Cerpen: Camaraderie


Netraku tak lepas dari bangunan kokoh di ujung jalan sana. Memindai sudut demi sudut bangunan tersebut yang dilapisi dengan warna oranye, sebuah ciri khas cat yang tak pernah lepas dari bangunan sekolah–ya, sekolah. Sekarang aku, sebut saja Kanaya sedang berdiri sembari menggendong tas mini yang berisi sekumpulan alat tulis menulis beserta kawan-kawannya.

“Kak, masuk sana. Sudah cukup melihat-lihatnya, mulai dari sekarang sampai dua tahun kedepan kamu akan puas melihat bahkan bermain di lingkungannya,” ujar Ayahku sambil mengusap pelan puncak kepalaku yang dibalut hijab berwarna putih.

Aku menghela napas panjang, berusaha menghilangkan rasa gugup, aku tak ingin berlama-lama di tempat ini dan secepatnya balik ke rumah. Nahas, semua hanya khayalan itu lalu berhasil dibuyarkan oleh seseorang yang baru saja memanggil namaku dari depan gerbang sana. Dia Sarah, sahabat kecilku, kami berdua mulai menjalin pertemanan ketika duduk di bangku Sekolah Dasar kelas 4. Namun, ketika menjelang kenaikan kelas 6, ayah memboyongku beserta Ibu dan kedua adik kecilku pindah ke Kota Makassar dengan alasan pekerjaan.

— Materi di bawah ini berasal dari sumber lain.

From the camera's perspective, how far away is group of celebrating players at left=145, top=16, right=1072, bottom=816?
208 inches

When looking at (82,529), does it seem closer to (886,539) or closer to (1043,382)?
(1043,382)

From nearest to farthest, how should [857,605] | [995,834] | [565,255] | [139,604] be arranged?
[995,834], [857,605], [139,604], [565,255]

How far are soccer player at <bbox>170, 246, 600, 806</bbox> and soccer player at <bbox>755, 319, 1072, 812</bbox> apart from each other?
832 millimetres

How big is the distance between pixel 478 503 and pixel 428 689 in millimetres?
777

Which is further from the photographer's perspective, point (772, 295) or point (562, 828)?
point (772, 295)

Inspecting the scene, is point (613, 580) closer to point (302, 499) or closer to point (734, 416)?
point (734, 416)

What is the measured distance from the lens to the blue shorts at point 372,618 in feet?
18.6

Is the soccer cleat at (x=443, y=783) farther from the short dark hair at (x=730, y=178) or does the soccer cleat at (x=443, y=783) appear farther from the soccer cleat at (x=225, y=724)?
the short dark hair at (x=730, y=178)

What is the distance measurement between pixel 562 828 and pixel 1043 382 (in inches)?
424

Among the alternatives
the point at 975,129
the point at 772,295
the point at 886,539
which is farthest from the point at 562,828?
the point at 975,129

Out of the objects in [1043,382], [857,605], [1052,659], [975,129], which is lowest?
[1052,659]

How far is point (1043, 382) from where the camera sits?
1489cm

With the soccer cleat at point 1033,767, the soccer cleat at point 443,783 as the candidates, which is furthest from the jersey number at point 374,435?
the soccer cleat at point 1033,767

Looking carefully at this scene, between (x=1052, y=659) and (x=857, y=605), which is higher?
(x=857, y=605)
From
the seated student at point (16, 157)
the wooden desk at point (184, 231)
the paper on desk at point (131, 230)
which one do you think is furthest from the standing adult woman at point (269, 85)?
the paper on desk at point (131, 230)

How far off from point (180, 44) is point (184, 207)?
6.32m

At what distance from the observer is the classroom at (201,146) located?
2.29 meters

Aku hanya memandang Sarah dengan lekat, wajahnya tak berubah selama 7 tahun ini, hanya saja bentuk tubuhnya yang dulu sangat gemuk, kini terlihat lebih kurus. Walau kami terpisahkan jarak, tak jarang aku beserta keluarga datang mengunjungi kota kelahiranku ini meski hanya setahun sekali. Karena tinggal bertetangga, Aku dan Sarah pun masih sering bermain bersama setiap aku berada di kota ini.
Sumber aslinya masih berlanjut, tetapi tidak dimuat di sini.